What you will do
Return an exact transcript of the material below from the line containing "Three Days of" through its final line, and no other lines.

Input records
====
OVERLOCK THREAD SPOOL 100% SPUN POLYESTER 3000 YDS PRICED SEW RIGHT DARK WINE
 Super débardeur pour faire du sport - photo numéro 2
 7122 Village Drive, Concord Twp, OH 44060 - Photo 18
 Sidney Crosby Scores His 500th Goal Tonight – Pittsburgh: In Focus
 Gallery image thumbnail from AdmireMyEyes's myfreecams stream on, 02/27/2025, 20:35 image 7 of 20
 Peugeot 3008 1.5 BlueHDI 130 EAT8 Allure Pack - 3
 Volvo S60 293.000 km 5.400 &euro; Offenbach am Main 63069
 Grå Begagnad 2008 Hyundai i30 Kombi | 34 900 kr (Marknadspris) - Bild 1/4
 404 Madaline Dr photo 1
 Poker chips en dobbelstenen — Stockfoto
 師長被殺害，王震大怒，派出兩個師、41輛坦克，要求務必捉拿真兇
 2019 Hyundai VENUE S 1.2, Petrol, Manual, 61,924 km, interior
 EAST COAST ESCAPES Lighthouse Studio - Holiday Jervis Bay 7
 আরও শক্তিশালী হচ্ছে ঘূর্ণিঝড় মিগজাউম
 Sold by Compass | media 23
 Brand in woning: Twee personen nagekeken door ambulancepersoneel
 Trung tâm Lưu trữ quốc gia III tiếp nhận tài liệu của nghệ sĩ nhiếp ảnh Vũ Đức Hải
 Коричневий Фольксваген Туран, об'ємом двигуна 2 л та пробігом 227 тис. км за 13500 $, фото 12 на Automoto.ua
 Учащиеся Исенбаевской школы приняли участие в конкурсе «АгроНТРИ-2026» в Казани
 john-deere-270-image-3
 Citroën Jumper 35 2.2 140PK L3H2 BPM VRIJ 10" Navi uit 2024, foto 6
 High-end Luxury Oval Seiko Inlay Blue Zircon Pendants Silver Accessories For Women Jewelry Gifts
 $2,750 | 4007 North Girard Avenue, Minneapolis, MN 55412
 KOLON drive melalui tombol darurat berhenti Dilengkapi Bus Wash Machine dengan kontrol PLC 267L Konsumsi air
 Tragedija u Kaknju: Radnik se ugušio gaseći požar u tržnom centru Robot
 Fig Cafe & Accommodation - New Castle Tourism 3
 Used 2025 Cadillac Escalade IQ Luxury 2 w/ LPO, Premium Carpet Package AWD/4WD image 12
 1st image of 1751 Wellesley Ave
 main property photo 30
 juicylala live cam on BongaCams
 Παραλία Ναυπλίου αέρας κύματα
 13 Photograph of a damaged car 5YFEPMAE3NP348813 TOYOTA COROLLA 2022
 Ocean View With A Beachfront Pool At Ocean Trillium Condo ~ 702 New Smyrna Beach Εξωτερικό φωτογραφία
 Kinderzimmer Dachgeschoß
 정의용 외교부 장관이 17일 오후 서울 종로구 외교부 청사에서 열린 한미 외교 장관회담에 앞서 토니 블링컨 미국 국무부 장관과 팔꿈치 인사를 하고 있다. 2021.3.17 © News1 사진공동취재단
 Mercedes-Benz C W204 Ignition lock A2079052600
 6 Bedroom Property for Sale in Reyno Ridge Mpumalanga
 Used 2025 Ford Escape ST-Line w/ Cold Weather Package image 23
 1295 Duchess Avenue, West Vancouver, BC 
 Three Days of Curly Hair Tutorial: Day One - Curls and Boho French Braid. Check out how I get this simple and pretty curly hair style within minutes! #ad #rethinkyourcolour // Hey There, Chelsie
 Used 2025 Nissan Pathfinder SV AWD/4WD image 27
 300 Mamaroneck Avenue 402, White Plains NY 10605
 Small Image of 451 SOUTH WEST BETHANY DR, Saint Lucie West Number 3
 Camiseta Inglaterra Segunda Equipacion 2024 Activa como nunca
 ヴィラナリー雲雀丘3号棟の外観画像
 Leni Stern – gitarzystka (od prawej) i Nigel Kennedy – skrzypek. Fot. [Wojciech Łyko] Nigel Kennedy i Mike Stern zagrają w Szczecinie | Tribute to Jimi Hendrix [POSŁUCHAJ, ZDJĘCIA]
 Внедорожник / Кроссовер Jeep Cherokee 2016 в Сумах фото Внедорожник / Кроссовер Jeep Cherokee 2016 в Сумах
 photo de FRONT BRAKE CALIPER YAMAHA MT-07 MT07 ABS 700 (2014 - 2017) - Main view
====
Result of this exercise
 Three Days of Curly Hair Tutorial: Day One - Curls and Boho French Braid. Check out how I get this simple and pretty curly hair style within minutes! #ad #rethinkyourcolour // Hey There, Chelsie
 Used 2025 Nissan Pathfinder SV AWD/4WD image 27
 300 Mamaroneck Avenue 402, White Plains NY 10605
 Small Image of 451 SOUTH WEST BETHANY DR, Saint Lucie West Number 3
 Camiseta Inglaterra Segunda Equipacion 2024 Activa como nunca
 ヴィラナリー雲雀丘3号棟の外観画像
 Leni Stern – gitarzystka (od prawej) i Nigel Kennedy – skrzypek. Fot. [Wojciech Łyko] Nigel Kennedy i Mike Stern zagrają w Szczecinie | Tribute to Jimi Hendrix [POSŁUCHAJ, ZDJĘCIA]
 Внедорожник / Кроссовер Jeep Cherokee 2016 в Сумах фото Внедорожник / Кроссовер Jeep Cherokee 2016 в Сумах
 photo de FRONT BRAKE CALIPER YAMAHA MT-07 MT07 ABS 700 (2014 - 2017) - Main view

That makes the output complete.